Index(['first', 'last', 'birthyear', 'email'], dtype='object')

In [4]:
# Reassigning column names
people_df.columns = ['First_name', 'Last_name', 'Year_born', 'E_mail']
people_df

Unnamed: 0,First_name,Last_name,Year_born,E_mail
0,John,Lennon,1940,john.lennon@email.com
1,Paul,McCartney,1942,paul.mccartney@email.com
2,George,Harrison,1943,george.harrison@email.com
3,Ringo,Starr,1940,ringo.starr@email.com


In [5]:
# Turning all of the names to lowercase
people_df.columns = [x.lower() for x in people_df.columns]
people_df

Unnamed: 0,first_name,last_name,year_born,e_mail
0,John,Lennon,1940,john.lennon@email.com
1,Paul,McCartney,1942,paul.mccartney@email.com
2,George,Harrison,1943,george.harrison@email.com
3,Ringo,Starr,1940,ringo.starr@email.com


In [6]:
# Substituting names using rename method
people_df.rename(columns={'first_name': 'first', 'last_name': 'last'}, inplace=True)
people_df

Unnamed: 0,first,last,year_born,e_mail
0,John,Lennon,1940,john.lennon@email.com
1,Paul,McCartney,1942,paul.mccartney@email.com
2,George,Harrison,1943,george.harrison@email.com
3,Ringo,Starr,1940,ringo.starr@email.com


## Updating Rows

To update rows in a DF is not quite as simple as changing column's names, but its still very much straightforward. Firstly, much like updating column's names, we use lists to reassign values to a row, you also need to pass it a list updating all of the arguments if just accessing the row without specifying a column. You can also use list comprehensions here, but there are better ways to work with row updates. A big peculiarity of using a location method, is that you can specify the column(s) you want to update.
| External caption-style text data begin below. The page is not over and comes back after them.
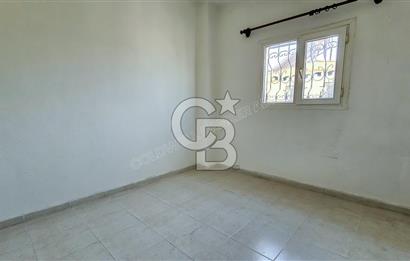 Kuşadası Karaova havuzlu sitede eşyasız kiralık triplex villa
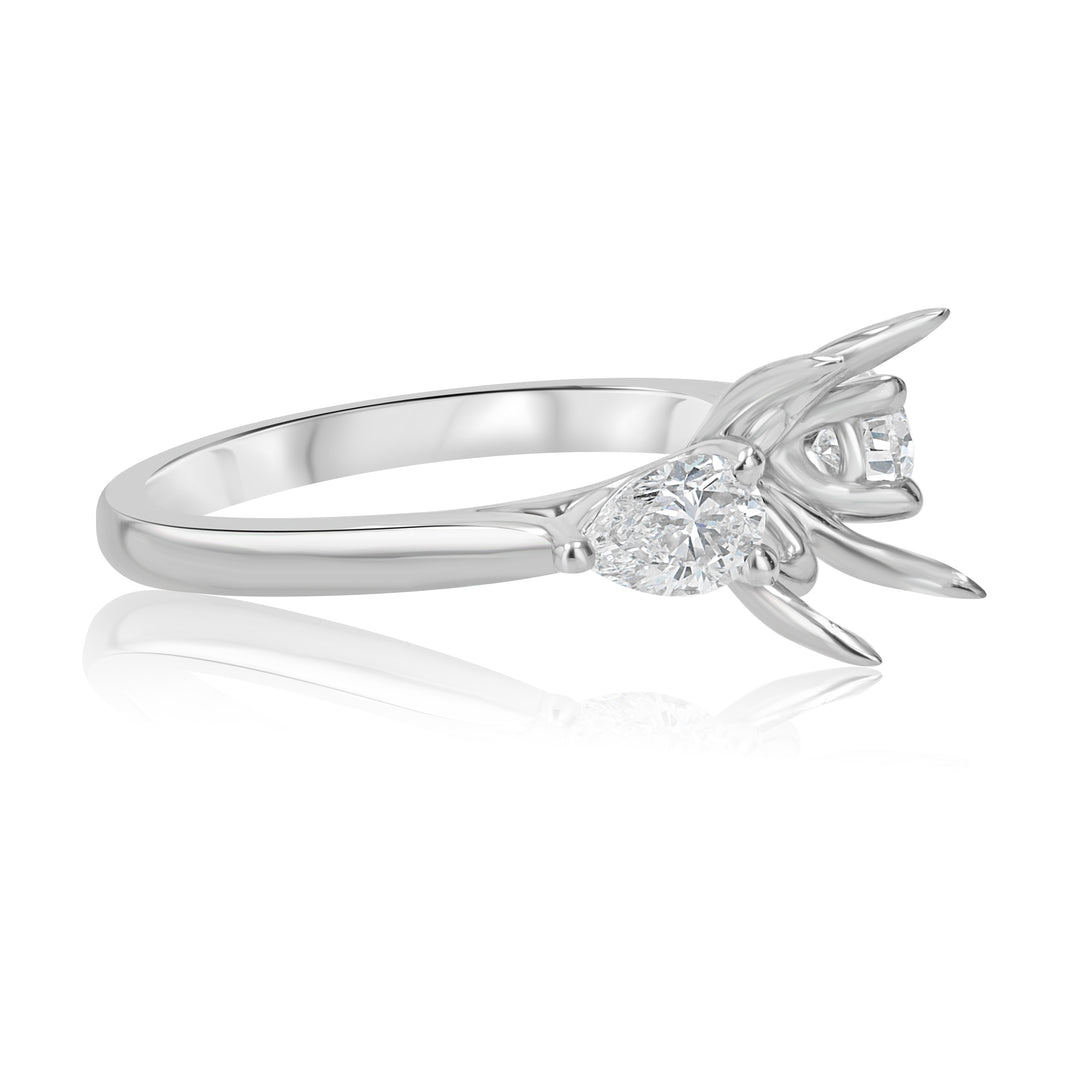 0.60ct Pear-Shaped Diamond Platinum Engagement Ring Mounting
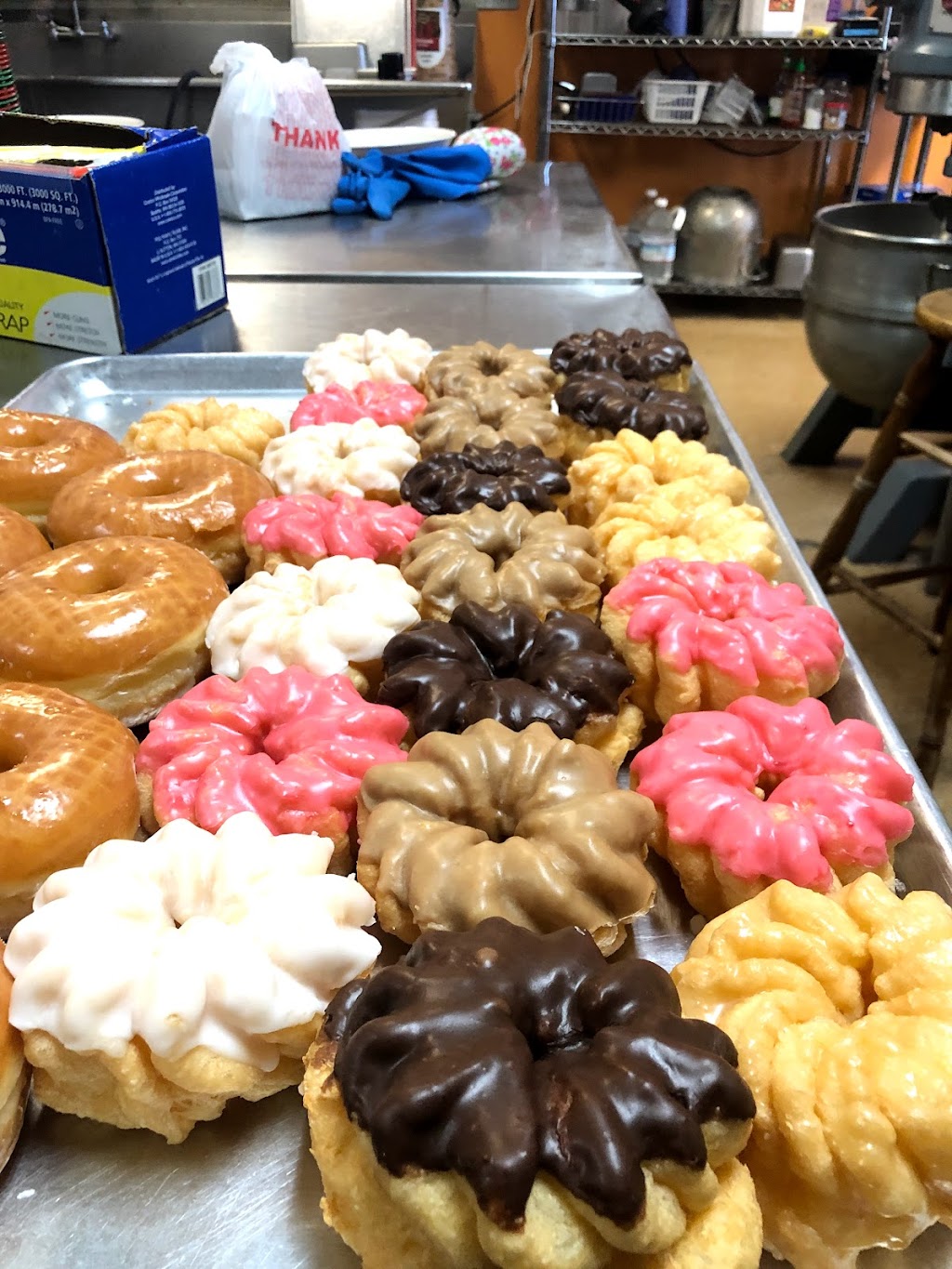 Famous Donuts | 845 W 19th St A, Costa Mesa, CA 92627, USA | Phone: (949) 645-1004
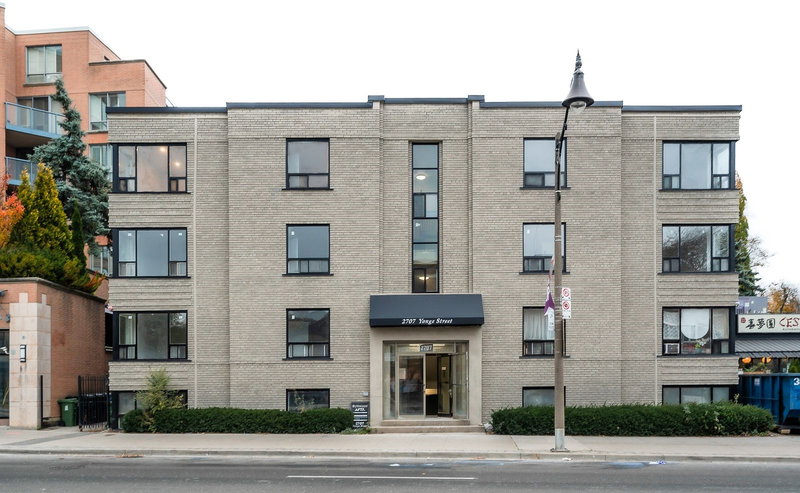 2707 Yonge Street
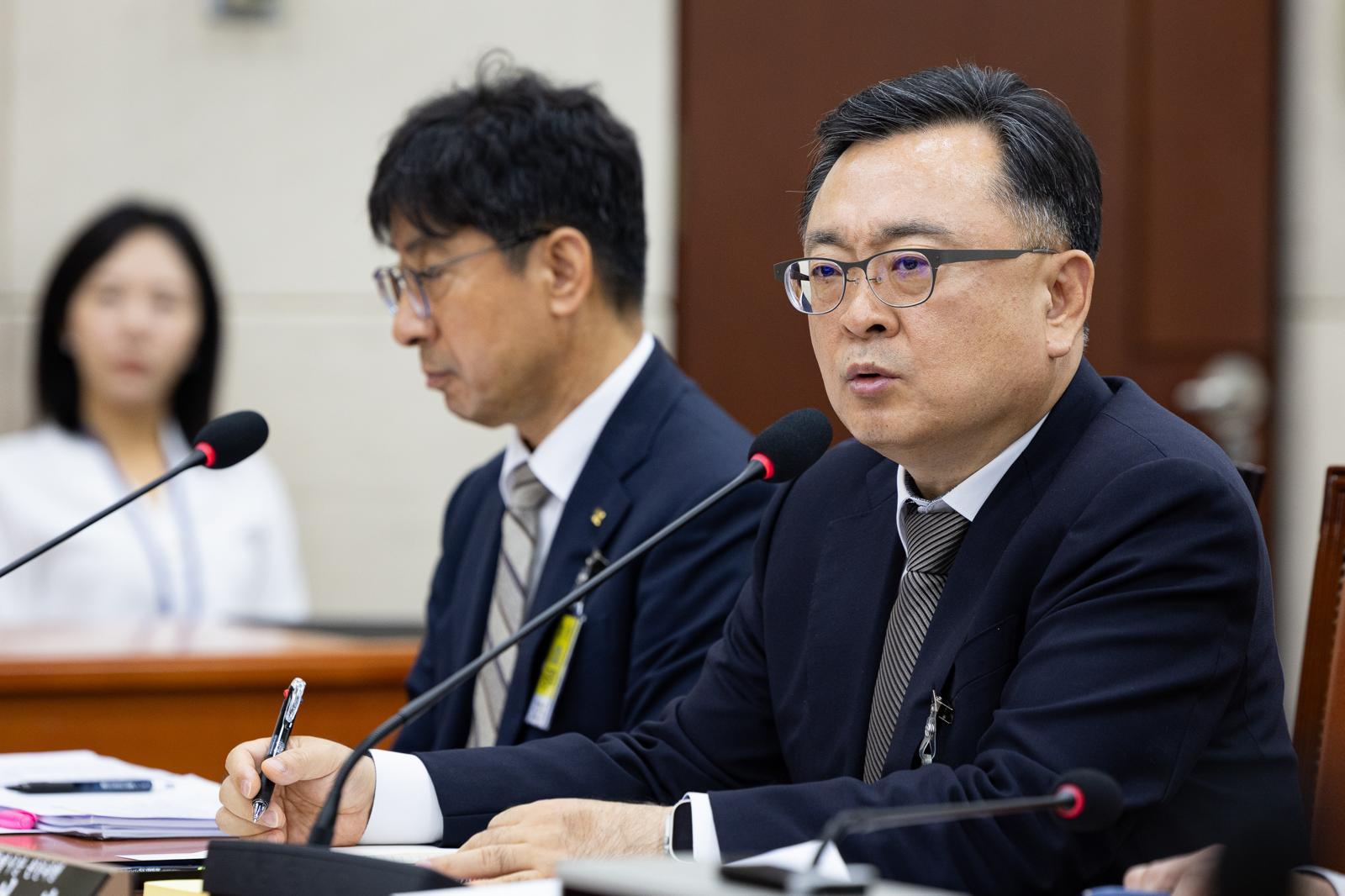 김성보 서울특별시장 권한대행(부시장)이 26일 서울 여의도 국회에서 열린 제435회 국회(임시회) 행정안전위원회 제2차 전체회의 서울시 감사의정원 논란 및 GTX-A 삼성역 철근누락 관련 현안질의에서 의원질의에 답하고 있다. 2026.5.26 뉴스1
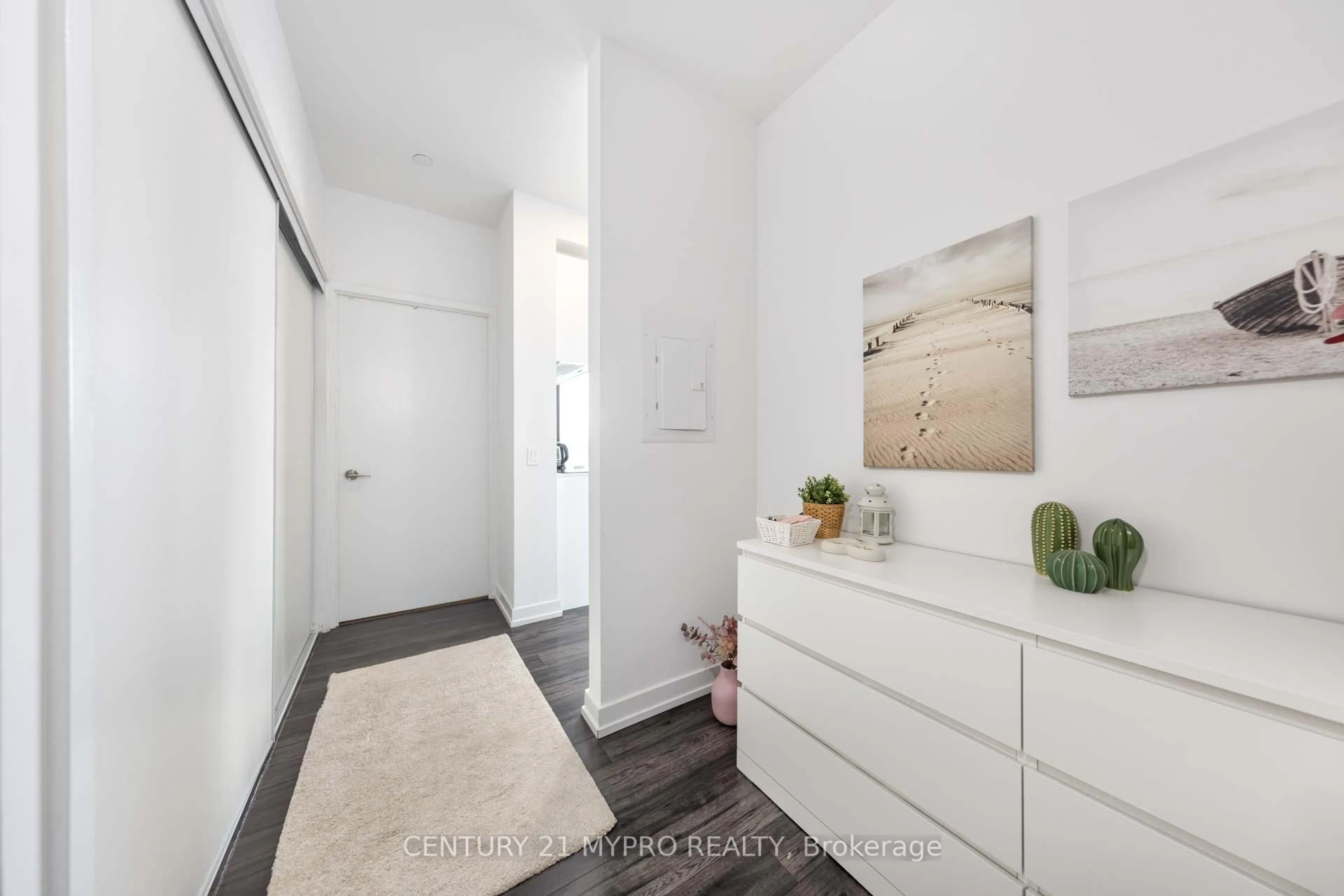 Indoor entryway for 33 Helendale Ave #419, Toronto Ontario M4R 1C5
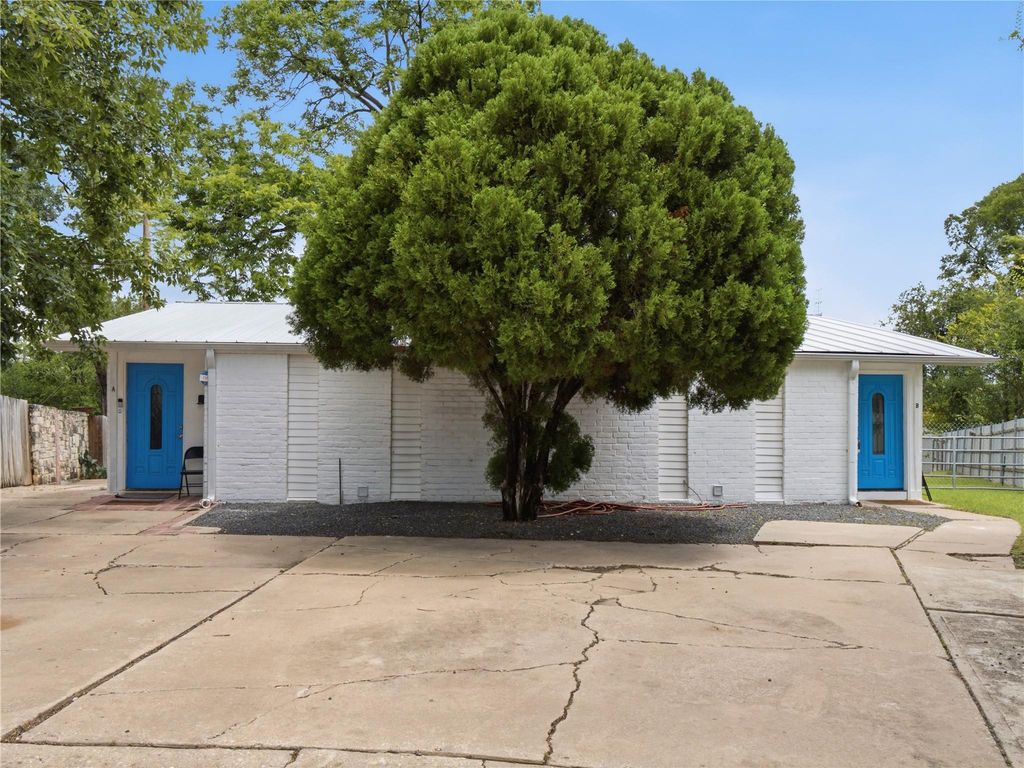 1108 Jolena CIR, Austin, TX 78721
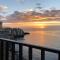 Une grande terrasse sur la mer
You can also use pandas `.at` instead of `.loc`, the difference being that `.at` only accesses one cell at a time.


In [7]:
# Updating first row
people_df.loc[0] = ['John', 'Smith', '1943', 'JohnSmith@email.com']
people_df

Unnamed: 0,first,last,year_born,e_mail
0,John,Smith,1943,JohnSmith@email.com
1,Paul,McCartney,1942,paul.mccartney@email.com
2,George,Harrison,1943,george.harrison@email.com
3,Ringo,Starr,1940,ringo.starr@email.com


In [8]:
# Updating last and email columns of first row
people_df.loc[0, ['last', 'e_mail']] = ['Lennon', 'john.lennon@email.com']
people_df

Unnamed: 0,first,last,year_born,e_mail
0,John,Lennon,1943,john.lennon@email.com
1,Paul,McCartney,1942,paul.mccartney@email.com
2,George,Harrison,1943,george.harrison@email.com
3,Ringo,Starr,1940,ringo.starr@email.com


In [9]:
# Using .at to update a cell
people_df.at[0, 'last'] = 'Doe'
people_df

Unnamed: 0,first,last,year_born,e_mail
0,John,Doe,1943,john.lennon@email.com
1,Paul,McCartney,1942,paul.mccartney@email.com
2,George,Harrison,1943,george.harrison@email.com
3,Ringo,Starr,1940,ringo.starr@email.com


In [10]:
# Trying to update a value by filtering a column
people_filter = people_df['e_mail'] == 'paul.mccartney@email.com'
people_df[people_filter]['last'] = 'Smith'

A value is trying to be set on a copy of a slice from a DataFrame.
Try using .loc[row_indexer,col_indexer] = value instead

See the caveats in the documentation: https://pandas.pydata.org/pandas-docs/stable/user_guide/indexing.html#returning-a-view-versus-a-copy
  people_df[people_filter]['last'] = 'Smith'


In [11]:
# Correctly using a filter to update a value
people_df.loc[people_filter, 'last'] = 'Smith'
people_df

Unnamed: 0,first,last,year_born,e_mail
0,John,Doe,1943,john.lennon@email.com
1,Paul,Smith,1942,paul.mccartney@email.com
2,George,Harrison,1943,george.harrison@email.com
3,Ringo,Starr,1940,ringo.starr@email.com


## `apply`, `applymap`, `map`, `replace`

There are a few ways of using a function to update a column. The simplest way of doing so, is applying a function to the column and reassigning it to its updated value.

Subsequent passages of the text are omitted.